Typical Daily Profiles (TDP) and Typical Weekly Profiles (TWP) are compared to see how the time 
resolution of data affects the clustering. In [11] the profile is acquired by asking users explicitly to introduce 
and update their profile manually and next monitoring the browsing behavior. A framework to integrate user 
profiling and customer journey is proposed by authors of [12] using user interviews and semantic analysis to 
identify the target audience. Marketing actions are then set up for customer journey and finally conversion 
stage to convert user into customer. 

Even though these researches reflect customer consumption behavior, it ignores data from 
customer’s click stream and online reviews rates. Moreover, though the research reflects various customer 
behavior data for creating customer profile and recommendation, judging and evaluating e-commerce 
website characteristics based on customer’s feedbacks is ignored. 

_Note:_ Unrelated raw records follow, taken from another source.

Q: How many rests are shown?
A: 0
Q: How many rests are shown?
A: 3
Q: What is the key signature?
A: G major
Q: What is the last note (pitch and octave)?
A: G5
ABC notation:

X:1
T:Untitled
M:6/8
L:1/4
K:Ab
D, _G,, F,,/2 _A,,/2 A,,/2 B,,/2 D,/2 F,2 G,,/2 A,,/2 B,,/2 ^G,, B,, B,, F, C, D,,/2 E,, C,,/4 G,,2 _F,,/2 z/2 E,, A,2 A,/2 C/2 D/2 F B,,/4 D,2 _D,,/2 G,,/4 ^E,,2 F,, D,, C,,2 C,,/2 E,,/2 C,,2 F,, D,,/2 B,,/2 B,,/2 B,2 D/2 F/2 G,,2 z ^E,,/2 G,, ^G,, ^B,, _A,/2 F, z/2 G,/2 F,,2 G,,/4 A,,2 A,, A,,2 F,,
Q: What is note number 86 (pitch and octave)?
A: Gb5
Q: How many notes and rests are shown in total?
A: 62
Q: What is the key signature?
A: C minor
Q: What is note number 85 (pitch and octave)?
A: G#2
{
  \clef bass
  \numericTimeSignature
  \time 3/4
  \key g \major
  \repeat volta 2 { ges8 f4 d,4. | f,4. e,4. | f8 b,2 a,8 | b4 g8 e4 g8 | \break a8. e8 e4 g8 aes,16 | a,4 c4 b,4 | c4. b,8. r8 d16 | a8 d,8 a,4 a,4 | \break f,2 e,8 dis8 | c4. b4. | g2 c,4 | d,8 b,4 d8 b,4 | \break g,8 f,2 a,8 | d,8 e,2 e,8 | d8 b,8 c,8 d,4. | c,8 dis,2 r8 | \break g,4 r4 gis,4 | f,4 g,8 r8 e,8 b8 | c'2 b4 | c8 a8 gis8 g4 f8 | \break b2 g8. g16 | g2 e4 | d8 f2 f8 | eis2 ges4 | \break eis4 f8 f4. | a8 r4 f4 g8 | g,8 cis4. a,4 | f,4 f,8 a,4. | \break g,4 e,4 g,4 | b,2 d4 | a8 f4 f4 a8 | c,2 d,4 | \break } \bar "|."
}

For business e-commerce website’s evaluation, P. Dong [13] established some site evaluation index: 
information content index, site survey index and technical index. T. Hariguna et al. [14] aimed to analyze 
empirically three factors antecedents of trust they are system quality, information quality, and service quality. 
The results of this study concluded that those had positive impact on customer intention to purchase in 
e-commerce transactions on social media. T. Singh [15] identified factors related to usability of e commerce 
website which are: user satisfaction simplicity, attractiveness, speed, efficiency, and searching product 
information. A survey used these factors as a valuable input from user for assessing the usability of 
e-commerce website. A framework was proposed by authors of [16] for evaluating the impact of four 
parameters on the success of e-commerce: customer satisfaction, costs, awareness & knowledge and 
infrastructure. Authors of [17] believed that all the success factors for supporting on-line shopping should be 
considered from multiple perspectives (technological perspective such as web design usability, social 
perspective such as social networks, etc.), across different e-commerce life cycle stages (pre-sale, 
information stage and supply chain). 

Various e-commerce website attributes aimed for data collection are reviewed keeping in mind the 
areas where sequence of web events generated by each user is required to assess the online service quality. 
Therefore, we discuss general customer’s shopping steps in online stores. H. Sergio et al. [18] analyzed 
sections visited by users, navigational paths followed when accessing specific pages of the website, and the 
relation between different web sections or the sections that lead users to buy products. To improve user 
fulfillment and shopping experience, it has become a general practice for online sellers to allow their users to 
review or to communicate opinions of the products that they have sold. The major goal of the paper [19] was 
to solve evaluation feature extraction problem and opinion classification problem from customers using 
feature words and opinion words from product reviews. G. Silahtaroglu et al. [20] collected data about 
customer’s mouse movements, their demographic information and items they added to their shopping 
baskets. A global view on the sequential online-shopping events was proposed by authors of [21] where data 
sets consist of two parts: a collection of click events and events attached to corresponding clicks. 
R. Purwaningsih et al. [22] pointed out that factors affect consumer interest in online shopping are: Perceived 
Concentration, Perceived Enjoyment and Perceived Ease of Use. 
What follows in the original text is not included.